As you simmer the bread and stir it, something amazing happens; the bread breaks down and absorbs the water, turning darker and velvety as it does. After five minutes or so you add some lemon juice and zest, then serve it with a little cream and syrup. It's not exactly a light option, definitely a weekend treat, but oh my goodness it's incredible. The slightly rich, dark taste of the rye is balanced by the freshness of the lemon and the syrup and cream just make the whole thing heavenly.

Finally, I made some bread. I had wanted - especially since I cooked all these over the half term break - to have a go at making my own sourdough, or perhaps some rye bread. But I just couldn't quite get my act together and felt like I had enough on my plate with a puppy and two children to feed, without nursing a sourdough starter too. So I made Easy Morning Spelt Rolls. I freely admit I was attracted to the word "easy" and what do you know, the recipe does not lie.

You make a very straightforward bread dough in the food mixer  - you just thrown in the spelt flour, yeast and water and mix for ten minutes - then you put the bowl in the fridge overnight. In the morning, it has more than doubled in size and is ready to go.

It's a very wet dough, so it needs knocking back and kneading with a generous amount of flour. Bella and Angus enjoyed this process very much.

Then you divide the dough into around twelve rolls and bake for twenty minutes. 

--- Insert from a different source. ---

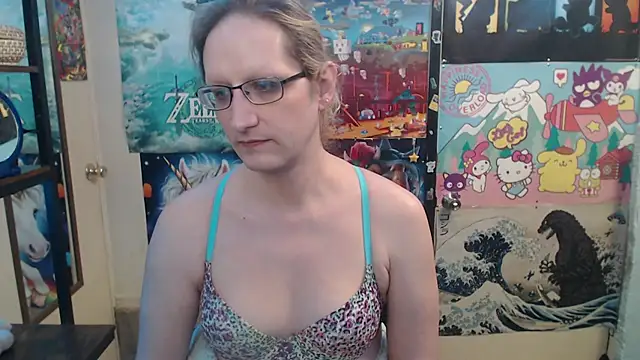 Savanah Banana  online show from March 22, 9:34 am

I froze half my dough and defrosted it this afternoon and have just baked the other six rolls for the week ahead. I will need to make more though because - and this was quite unexpected - the kids really, really, like these rolls. They don't have that hard a crust, and are soft and chewy inside with a flavour that's a bit like sourdough, and they keep really well for three or four days. They are now requesting them in their lunchboxes. Angus even said they were "lovely". Lovely! I don't know when I've ever had such a positive response to something I baked.

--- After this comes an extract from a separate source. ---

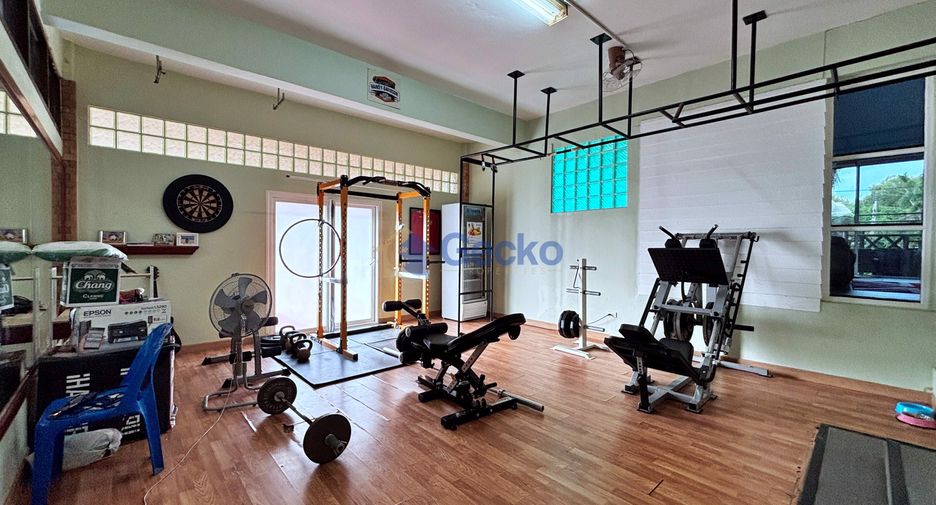 For sale 3 bedrooms house in East Pattaya, Pattaya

So, this book was full of surprises: spelt flour makes incredible pastry, rye bread porridge is delicious, and my children like spelt rolls. I feel like I should write the author a thank you note. 

November's choice is Pieminister: A Pie for All Seasons, which seemed an appropriate choice for a dreary month during which I will mainly be comfort eating.

I hope you are all well. We are all good here, and mightily relieved that Ziggy doesn't seem to be remotely troubled by the bangs from fireworks as, for those not in the UK, it's Bonfire Night tomorrow. I've just remember that I was going to make some parkin. Maybe I'll bake some tomorrow.